Under Part 3 of the Public Records Act 2005 (PRA), public offices and local authorities have special obligations to ensure members of the public can access information and records.
2. Expectations for public access
Under section 47 of the PRA, the public must be able to inspect all public records classified as “open access” (that is, no restrictions are placed on their use). Such inspection must occur when a member of the public requests it, or as soon as “reasonably” practicable, and must be free of charge.
3. Offering access to information and records in all formats
Public access includes information and records, including associated metadata, in all formats. For example, information and records that are classified as “open access” in databases must be available to the public when required.
4. Providing tools for access
Making information and records available to the public must include providing the tools required to access them. Such tools include hardware, software, space, and specialist technical equipment.
5. Open data
Open data is the practice of making human and machine-readable data freely available, easy to access, and, importantly, simple to reuse.
The New Zealand Government believes that it is important to provide New Zealanders with access to the data that government departments and agencies produce, collect and use. An organisation should consider open data as a proactive way to meet its public access requirements.
The New Zealand Data and Information Management Principles state that open data should be:
trusted and authoritative
reasonably priced (preferably free)
6. Access to, and transfer of, restricted information and records
6.1 Access to restricted information and records
Organisations are responsible for offering suitable conditions for access to restricted information and records, and for managing requests to access these information and records. This responsibility also applies to us or any other repository information and records of this type are transferred to.
6.2 Transfer of restricted information and records
If an organisation transfers restricted information and records to us, it must provide a designated point of contact for access requests. The point of contact should be a designated position rather than a person. After transfer, we administer the access conditions for the organisation.
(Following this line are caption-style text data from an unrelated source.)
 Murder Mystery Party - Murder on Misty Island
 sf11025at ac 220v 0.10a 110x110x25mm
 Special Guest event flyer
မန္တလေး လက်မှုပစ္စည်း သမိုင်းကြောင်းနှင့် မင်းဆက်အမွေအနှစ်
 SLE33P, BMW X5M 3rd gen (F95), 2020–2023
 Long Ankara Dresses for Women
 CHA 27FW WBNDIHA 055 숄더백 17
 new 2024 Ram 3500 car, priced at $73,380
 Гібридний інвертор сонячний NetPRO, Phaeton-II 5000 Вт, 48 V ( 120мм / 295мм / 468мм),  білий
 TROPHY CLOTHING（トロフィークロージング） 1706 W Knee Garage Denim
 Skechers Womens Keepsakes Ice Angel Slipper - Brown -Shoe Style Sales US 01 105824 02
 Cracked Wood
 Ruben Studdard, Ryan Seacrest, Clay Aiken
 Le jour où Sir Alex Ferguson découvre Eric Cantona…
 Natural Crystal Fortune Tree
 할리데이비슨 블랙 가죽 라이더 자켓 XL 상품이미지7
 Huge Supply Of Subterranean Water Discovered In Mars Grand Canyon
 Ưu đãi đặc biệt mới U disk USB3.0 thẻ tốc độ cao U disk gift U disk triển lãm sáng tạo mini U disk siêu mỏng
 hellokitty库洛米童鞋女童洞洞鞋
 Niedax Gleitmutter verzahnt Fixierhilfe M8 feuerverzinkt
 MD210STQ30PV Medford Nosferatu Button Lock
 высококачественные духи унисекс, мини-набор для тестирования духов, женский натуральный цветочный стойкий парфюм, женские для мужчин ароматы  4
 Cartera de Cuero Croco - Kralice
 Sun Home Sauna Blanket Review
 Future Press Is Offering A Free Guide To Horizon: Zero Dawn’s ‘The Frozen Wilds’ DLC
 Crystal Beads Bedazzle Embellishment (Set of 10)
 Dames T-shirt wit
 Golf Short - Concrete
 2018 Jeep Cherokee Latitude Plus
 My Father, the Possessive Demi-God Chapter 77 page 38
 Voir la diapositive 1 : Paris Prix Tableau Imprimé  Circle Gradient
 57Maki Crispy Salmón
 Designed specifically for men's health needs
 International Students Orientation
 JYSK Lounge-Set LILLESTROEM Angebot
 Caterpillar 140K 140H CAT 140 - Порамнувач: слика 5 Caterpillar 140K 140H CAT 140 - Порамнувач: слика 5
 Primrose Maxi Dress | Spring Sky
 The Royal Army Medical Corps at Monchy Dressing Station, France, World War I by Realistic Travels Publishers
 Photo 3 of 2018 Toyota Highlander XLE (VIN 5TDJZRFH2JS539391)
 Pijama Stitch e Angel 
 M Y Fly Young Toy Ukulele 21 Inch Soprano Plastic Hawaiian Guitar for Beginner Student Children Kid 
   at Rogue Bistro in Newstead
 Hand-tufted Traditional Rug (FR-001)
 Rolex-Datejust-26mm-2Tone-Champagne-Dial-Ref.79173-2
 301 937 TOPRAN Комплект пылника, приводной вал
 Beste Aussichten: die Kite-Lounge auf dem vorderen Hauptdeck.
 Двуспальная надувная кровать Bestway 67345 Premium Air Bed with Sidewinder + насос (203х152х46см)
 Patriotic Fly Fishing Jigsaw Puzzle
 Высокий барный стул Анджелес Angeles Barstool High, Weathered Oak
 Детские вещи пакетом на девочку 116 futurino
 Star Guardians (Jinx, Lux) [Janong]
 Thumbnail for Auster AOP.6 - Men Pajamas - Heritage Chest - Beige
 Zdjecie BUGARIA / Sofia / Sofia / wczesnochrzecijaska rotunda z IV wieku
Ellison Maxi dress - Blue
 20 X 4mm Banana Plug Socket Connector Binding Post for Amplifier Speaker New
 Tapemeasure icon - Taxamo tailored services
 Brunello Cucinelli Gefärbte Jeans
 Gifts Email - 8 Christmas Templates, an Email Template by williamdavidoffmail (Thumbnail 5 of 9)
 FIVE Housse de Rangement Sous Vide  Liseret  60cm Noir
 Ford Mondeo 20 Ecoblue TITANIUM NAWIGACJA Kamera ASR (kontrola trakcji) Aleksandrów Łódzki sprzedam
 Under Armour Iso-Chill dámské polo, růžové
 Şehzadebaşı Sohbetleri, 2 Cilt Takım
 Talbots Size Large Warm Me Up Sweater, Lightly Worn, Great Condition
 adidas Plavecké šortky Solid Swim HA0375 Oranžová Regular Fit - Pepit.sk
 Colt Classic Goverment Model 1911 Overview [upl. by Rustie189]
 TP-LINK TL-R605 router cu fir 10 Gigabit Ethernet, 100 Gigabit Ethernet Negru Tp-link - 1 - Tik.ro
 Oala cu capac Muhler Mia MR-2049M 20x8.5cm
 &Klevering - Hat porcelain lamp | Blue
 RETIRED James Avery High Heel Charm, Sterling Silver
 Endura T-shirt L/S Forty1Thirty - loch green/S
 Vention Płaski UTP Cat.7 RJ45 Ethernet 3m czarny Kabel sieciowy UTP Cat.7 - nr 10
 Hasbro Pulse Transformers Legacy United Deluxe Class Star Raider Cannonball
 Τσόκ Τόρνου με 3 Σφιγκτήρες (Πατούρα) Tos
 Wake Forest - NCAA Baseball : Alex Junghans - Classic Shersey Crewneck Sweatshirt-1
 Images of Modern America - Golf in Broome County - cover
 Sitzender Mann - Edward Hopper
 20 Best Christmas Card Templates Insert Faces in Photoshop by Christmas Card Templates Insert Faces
7. Public access under other legislation
Two other Acts govern access to ‘official’ information and records held by public offices and local authorities: the Official Information Act 1982 (OIA) and the Local Government Official Information and Meetings Act 1987 (LGOIMA). The guiding principle of both Acts is that information and records must be made available unless either Act has a good reason for not releasing the information and records.
Additionally the Privacy Act 1993 promotes and protects ‘personal’ (about an identifiable, living person only) information and records. (See note below on the Health Information Privacy Code 1994.) Almost every person or organisation that holds ‘personal’ information is covered by this Act including public offices and local authorities as well as companies of all sizes, religious groups, schools and clubs. Organisations not covered include Members of Parliament, courts and tribunals, and the news media.
The Health Information Privacy code 1994 sets specific rules for health information about identifiable individuals and applies to organisations in the health sector, including health service providers as well as organisations such as the Accident Compensation Corporation, the Ministry of Health, the Health Research Council, health insurers and professional disciplinary bodies.
7.1 Official Information Act 1982
Any person, company, or body (corporate or unincorporated) can make a request under the OIA for information and records held by public offices and various organisations. These public offices and organisations are listed in the First Schedule of the OIA and in the Ombudsmen Act 1975.
7.2 Local Government Official Information and Meetings Act 1987
Under Section 15 1(a) of the LGOIMA, local authorities must give members of the public reasonable opportunity to inspect their information and records. This obligation must be balanced with the need to protect the information and records from various risks.
7.3 Privacy Act 1993
The Privacy Act 1993 removes ‘personal’ information and records from inclusion under the OIA and the LGOIMA. It also places limits on how organisations collect, use, disclose, store and give access to these.